Była msza, przełamanie opłatkiem i wigilijne potrawy. Na wigilię Bractwa Miłosierdzia im. św. Brata Alberta w Lublinie przyszło w poniedziałek kilkaset osób.
– Przygotowania zaczęły się kilka tygodni wcześniej. Zaczęliśmy od zbiórki żywności w sklepach, prowadzonej przez naszych wolontariuszy. To z tych darów przygotowujemy później wigilijne potrawy – mówi Wojciech Bylicki, prezes Bractwa Miłosierdzia im. św. Brata Alberta. – Dzięki naszym sponsorom co roku przygotowujemy też paczki świąteczne dla naszych podopiecznych. W tym roku dostało je ponad 200 osób. Organizujemy też mikołajki dla dzieci. Wigilia jest więc zwieńczeniem naszych działań w okresie przedświątecznym.
– Jestem samotna i cieszę się, że mogę tu przyjść i zjeść wspólnie z innymi ludźmi. Można też posłuchać kolęd, które śpiewają dzieci. Jest bardzo miło i świątecznie – mówi pani Dorota.
W tym roku wigilia została przygotowana na 600 osób. – Na co dzień z posiłku wydawanego przez naszą kuchnię korzysta średnio 200-400 osób. W wigilię przychodzi jeszcze więcej – mówi Bylicki. – To osoby bezdomne i samotne, ale także emeryci czy renciści, którym nie wystarcza na utrzymanie. Cieszymy się, że możemy im zapewnić chociaż namiastkę prawdziwej kolacji wigilijnej.

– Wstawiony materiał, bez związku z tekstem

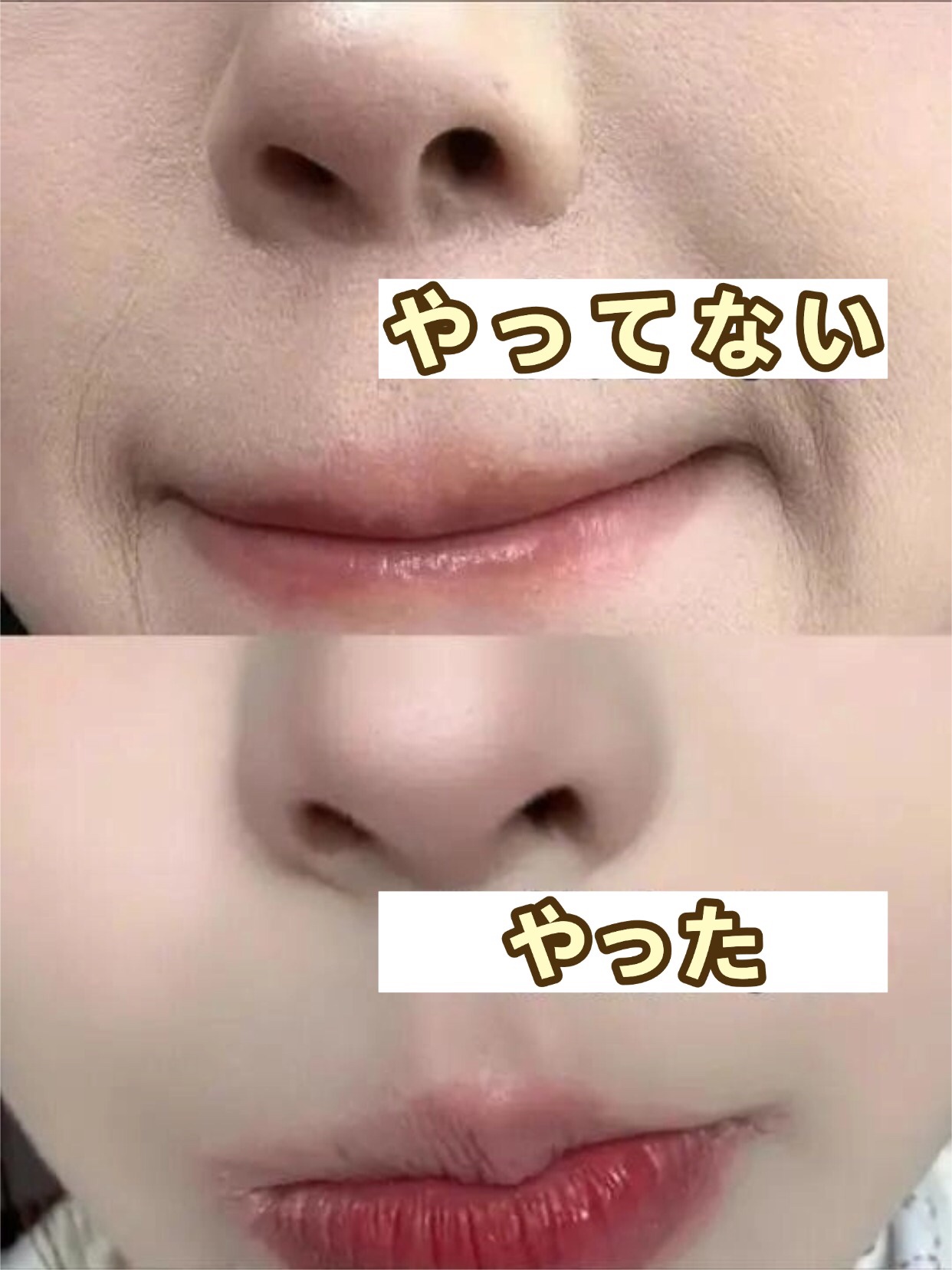 アネトス バランシング トリートメントクリーム/Anetos/フェイスクリームを使ったクチコミ（1枚目）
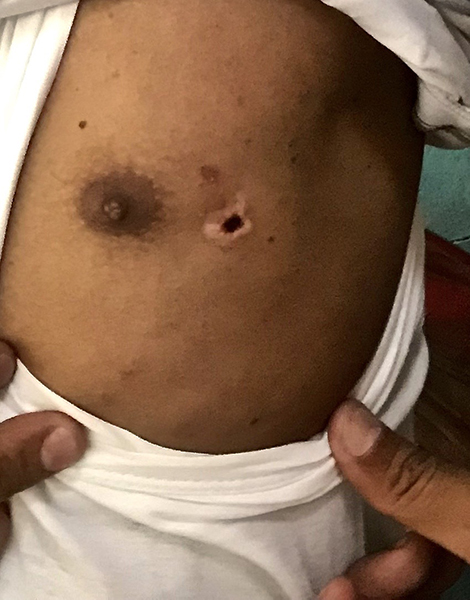 The ARSA member's wound from being shot in the chest in a refugee camp. He survived but feels the reach of the Burma Army and their allies.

Co roku kilka dni przed wigilią przygotowania idą pełną parą. – Od końca ubiegłego tygodnia trzy osoby pracowały w kuchni bez przerwy – mówi Anna Wypuszcz, która pracuje w kuchni bractwa. – Przygotowaliśmy potrawy typowo wigilijne jak śledzie, bigos, pierogi z grzybami, barszcz z uszkami, sałatka jarzynowa.
O oprawę muzyczną wigilii zadbali uczniowie z III LO w Lublinie.